A modern data platform shouldn’t just provide the ability to underpin a customer’s cloud operations, it should also integrate with the public cloud, enabling customers to take advantage of multi-cloud architectures for application development, deployment, data protection, and disaster recovery (DR). And when integrating with the public cloud, that should be a native integration, enabling full access to the public cloud’s PaaS services, for the ultimate in multi-cloud agility. That’s our vision, and today we’re announcing the first step in delivering on that vision: Purity CloudSnap.
Cloud-Era Flash: “The Year of Software” Launch Blog Series
From the early days, Purity Snapshot has been one of the (many) built-from-scratch-for-flash data services that has differentiated Pure. Purity is a metadata monster (by the very nature of dealing with data reduction and flash management), and ultra-efficient low-overhead snapshots fall logically out of the architecture. Snapshots are used widely for data protection, test/dev, and VM cloning workflows, and our asynchronous replication solution leverages them as well.

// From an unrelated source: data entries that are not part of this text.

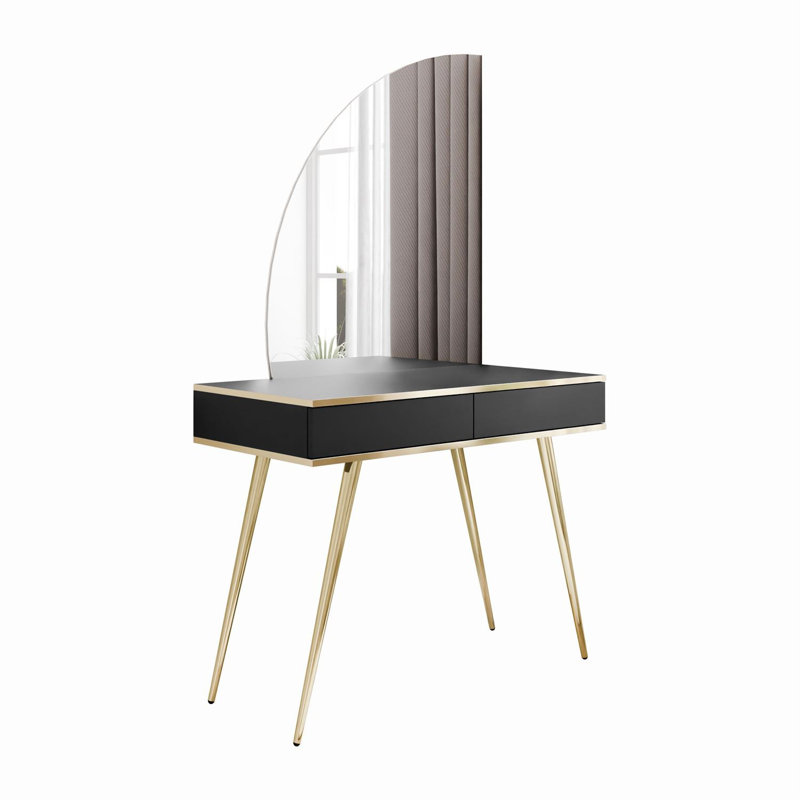 Dressing Table with Mirror, Black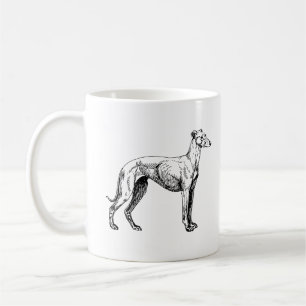 De Café Taza del dibujo lineal del galgo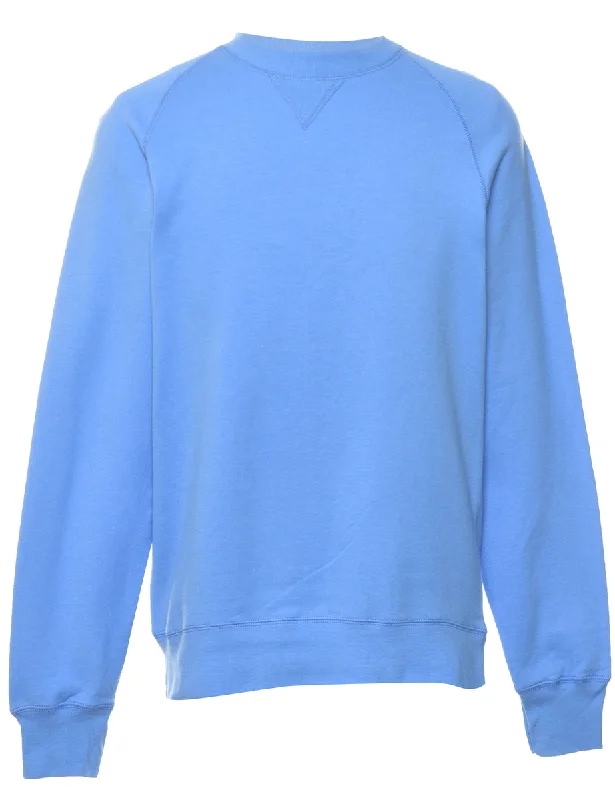 Light Blue Plain Sweatshirt - S Hoodie with Metallic Shiny Futuristic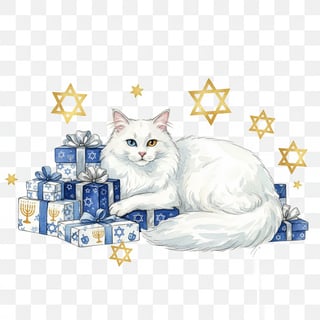Turkish Angora Cat with Hanukkah Gifts
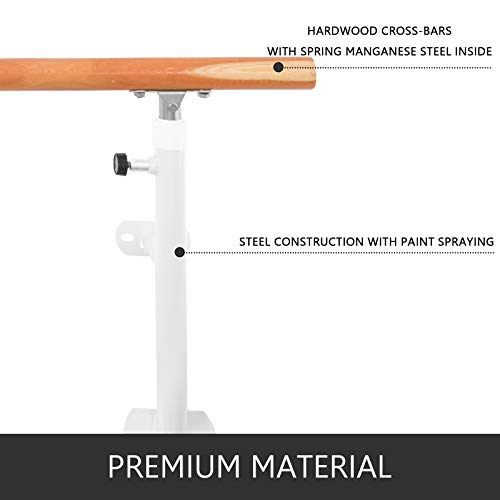 Popsport Barre Trainer Single Bar Traditional Wood Fixed Wall Mount Ballet Barre(4FT,White Single)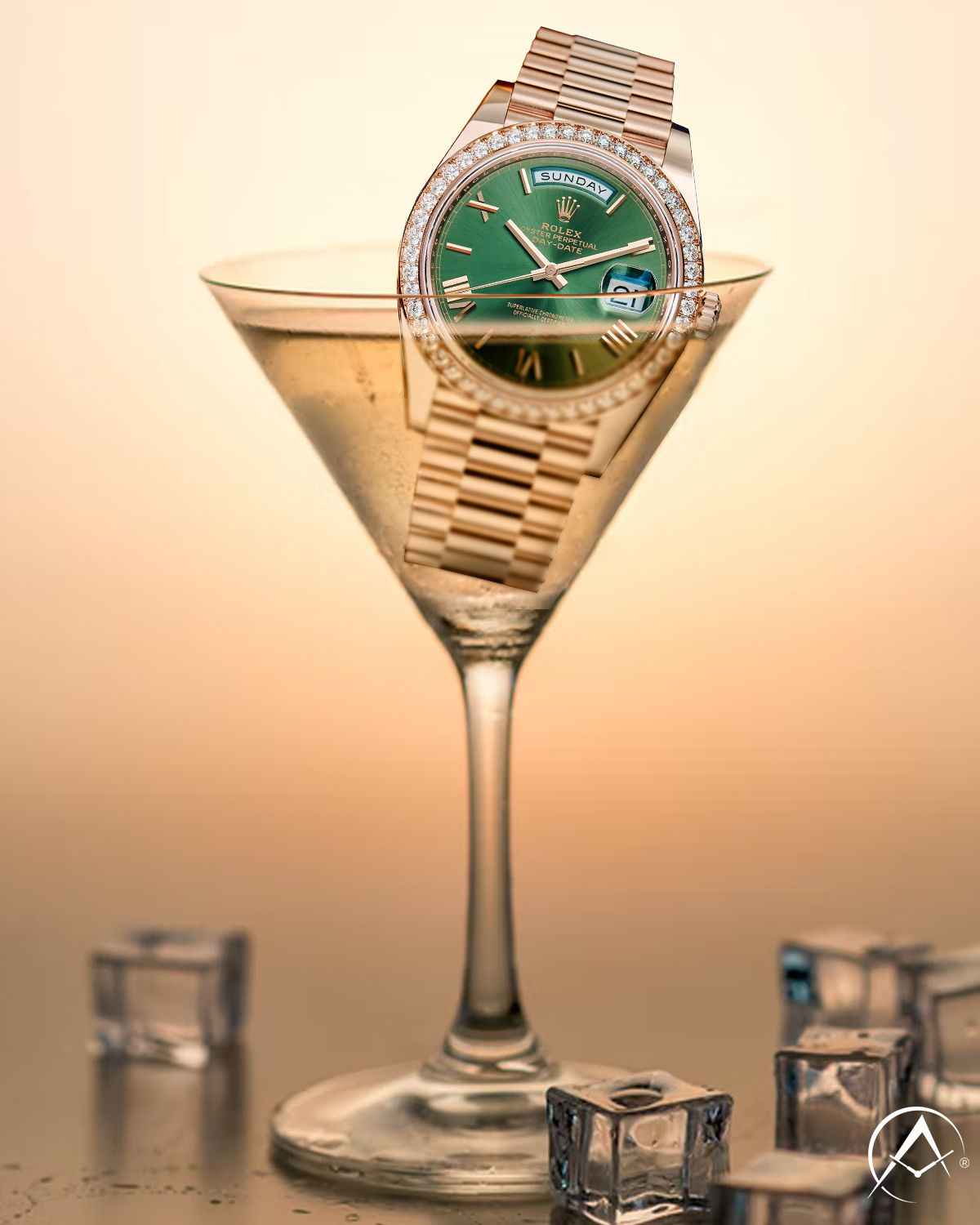 Rolex Day-Date with Green Dial, Date Aperture, Roman Dials, Diamond Bezel and Rose Gold Bracelet Sits in a Filled Martini Glass with Ice Cubes on the Ground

Customer use cases for snapshots have been evolving, especially in the world of data protection and DR. In the 2000s we saw tape/truck protection workflows move to disk-to-disk-to-tape. Now, with the public cloud providing access to low-cost and offsite storage for retention, as well as on-demand compute for DR, we see more customers wanting to move to flash-to-flash-to-cloud as their protection and DR strategy.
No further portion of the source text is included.